There’s a problem. If we do this at all, the basic place to do it is in our own real lives – at home, at work, with friends. That’s the primary field for an expression of God’s way of relating. When we think the primary field is in the church building, we have got priorities upside down. The incarnation never happened in a temple or a synagogue, it happened in a backwoods village – maybe in a spare room of a house! To cleanse our sacramental life, we have to start at home. But – when we do something good to express God, at home, with our own people, that isn’t a sacrament is it? Not in our usual language. But in reality, you can’t have a church-sacrament without it. Baptisms aren’t up to much without birthday parties. Church forgiveness isn’t worth having if you don’t have loving understanding at home when you’ve done something stupid. Eucharists aren’t up to much without family meals. Church weddings aren’t worth the signatures if there isn’t a real marriage between the people concerned. When married people exchange the sign of peace in church, it means nothing if they don’t exchange their whole committed bodily love at home. Anointing the sick is more like annoying the sick if you don’t stay with them and really support them when they need you. Etc.

So why have sacrament-rituals in church anyway? Because we need them, too. There are some expressions of love (of God’s love) that home-life or work-life or friendship-life is too limited to ‘contain’. We need a bigger context. We need somewhere where all the different people and families can come together and express together that it is all something like God’s way of loving for all of them. It needs a larger public. It needs both the small and the large arena. But I think, the large depends on the success of the small.

Does it all make us more gracious people to one another? Do we let some of that graciousness come out in these expressions? If it does, we don’t need anyone to cleanse the temple of our lives. God lives there anyway.

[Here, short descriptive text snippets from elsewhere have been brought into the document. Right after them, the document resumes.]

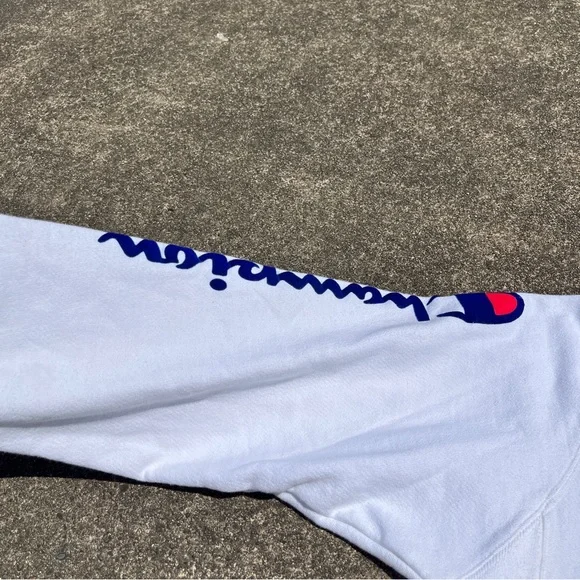 White unisex champion reverse weave hoodie sweatshirt size large new without tag - Picture 3 of 4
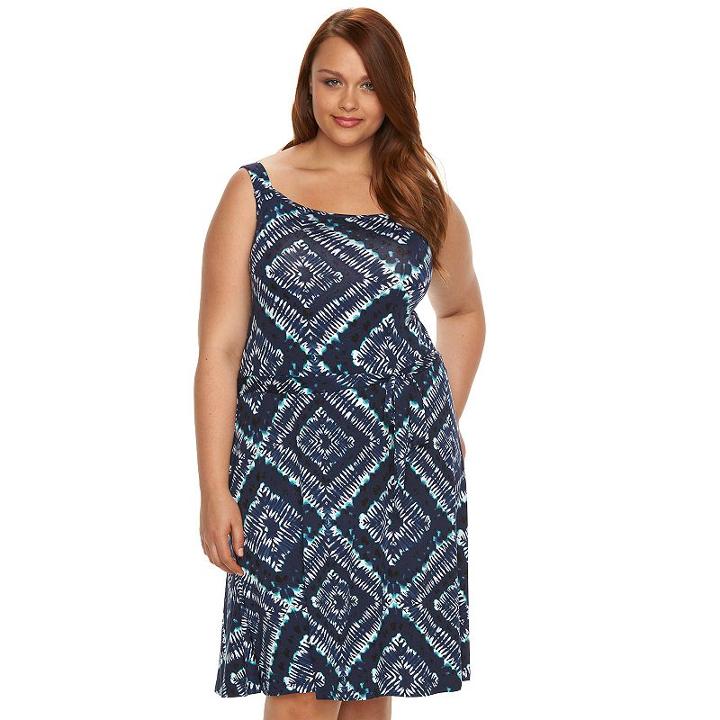 Plus Size Design 365 Tie-dye Fit & Flare Dress, Women's, Size: 1xl, Blue Other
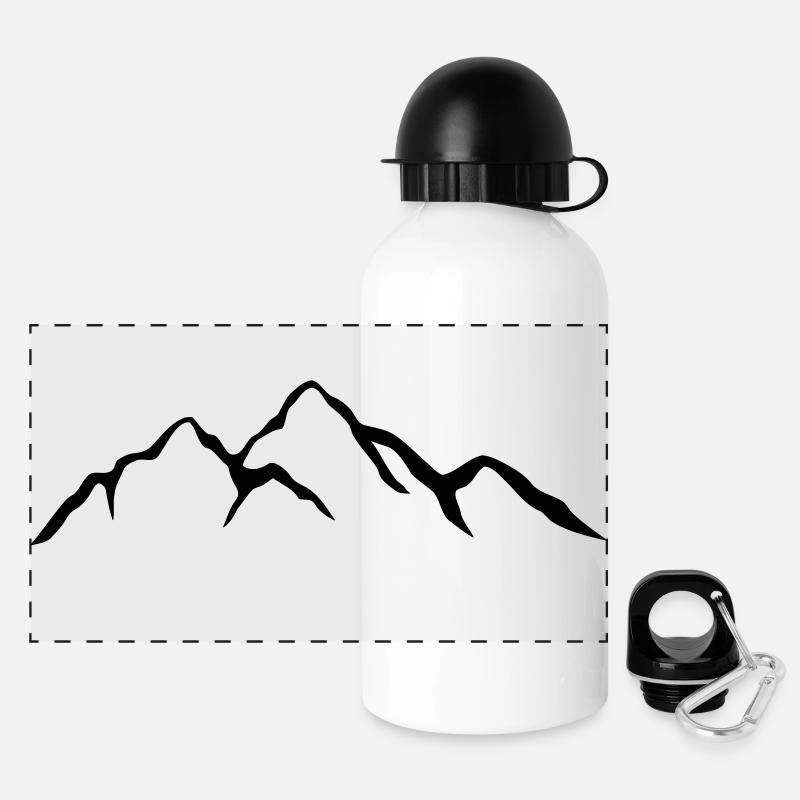 montagne-1 - Gourde panoramique avec couvercle 500 ml - blanc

Catholics generally in the last decades seem to have changed – for the better - their appreciation of what sacraments are for them. They mightn’t have the words just used to say it, but they know it. They were not told to feel like that by various official liturgical renewals. They were not always received well by some church authorities when they did. But they did. Jesus was still cleansing his temple, and the cleansed liturgy was cleansing the people. It is their whole existence that has changed, and the process goes on, it doesn’t finish when Mass is over.

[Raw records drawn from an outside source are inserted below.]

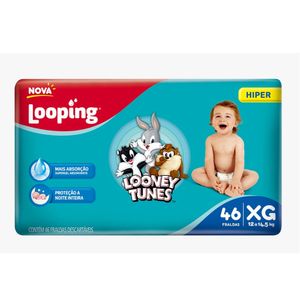 Fralda Looping Baby Looney Tunes Hiper Tamanho XG 46x1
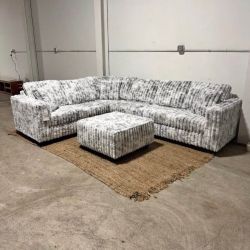 Brand New White Mix Sectional with Ottoman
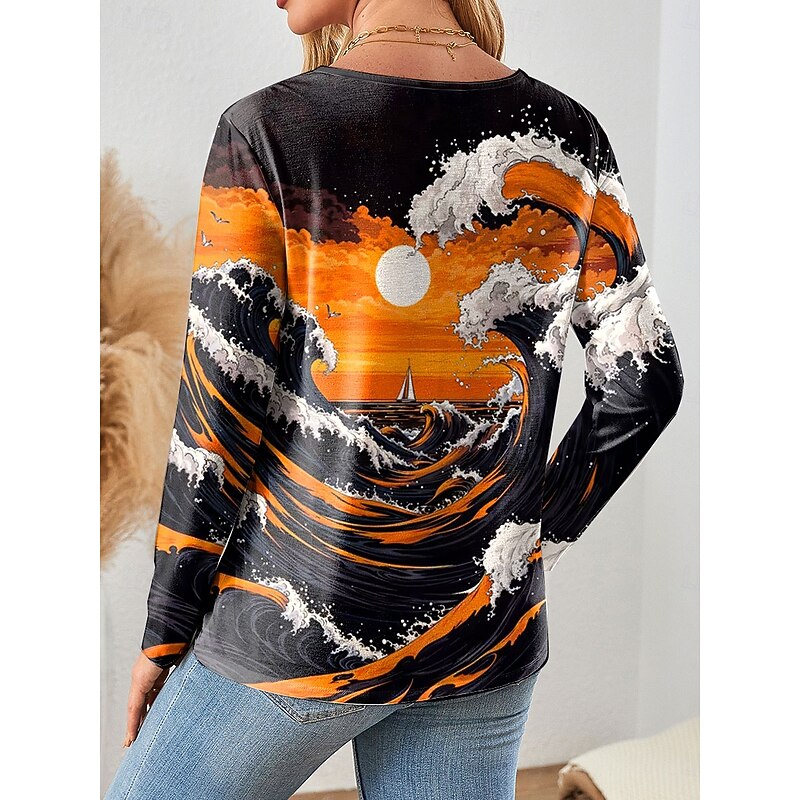 Women's T Shirt Quarter Zip Long Sleeve Casual Graphic Ocean Elegant Vintage Stylish V Neck Regular Tops Daily Pink Blue Orange Green Spring Fall2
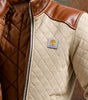 MAISON CLÉMENT PARIS™ | BEIGE QUILTED JACKET WITH LEATHER PANELS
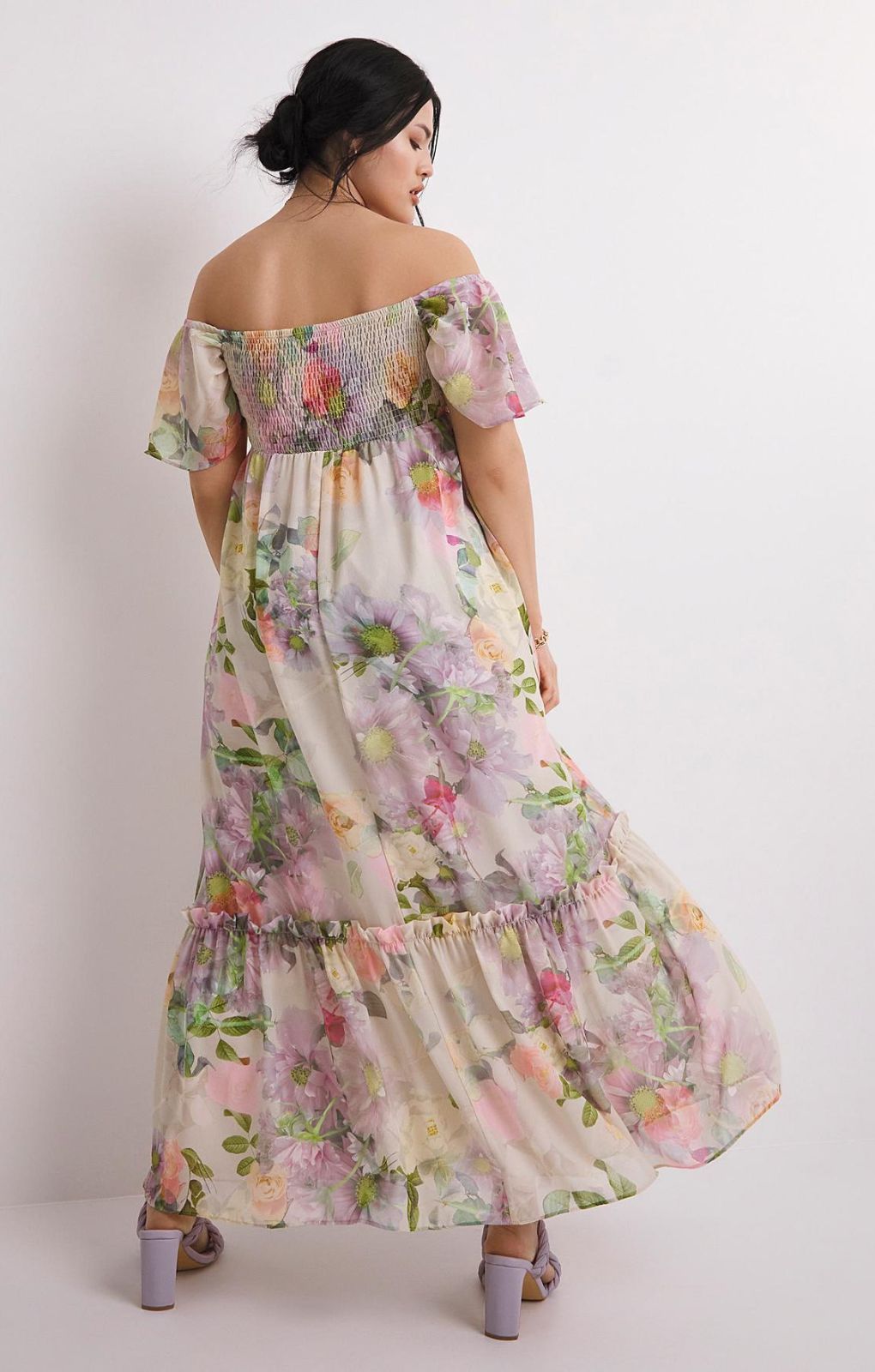 Simply Be Ivory Floral Maxi Dress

They know, in their Eucharists, that Jesus is saying to them: here, me, for you. And they say and do that for one another. They too say, here, me, for you. The main event is not a priest doing something they can’t do. It is all of them doing something Jesus enables them all to do. They keep on doing it at home. They know, in their marriage, that Jesus is saying to them: give yourselves to each other. And they say and do that for each other. The main event is not the wedding ceremony. It is the marriage reality every day and every night from then on. They know, when they have a misunderstanding with some one, they need to make up, and use the occasion to come to a better understanding together. They like to get a blessing on that sometimes from the Church. It is not just the blessing that is the reconciliation: it is the ongoing process it gives a little more expression to. The conclusion is that “the church” (in a practical local sense) today is very different from what it was assumed to be some time ago. It is a group of adults who have come to terms with who they are and why they are on earth. They have discovered Jesus and they believe in him. They have discovered their group as a place where they can live differently because of their faith and express together what their faith continually means to them. They do so by loving one another. They see themselves as being constantly immersed further into a new way of living like this. They show God’s sort of loving.

Yes, Jesus has cleansed his temple. Grace isn’t part of retail therapy. Don’t try to purchase more grace from Jesus (he isn’t selling): express more gratitude for his generosity in showing you God.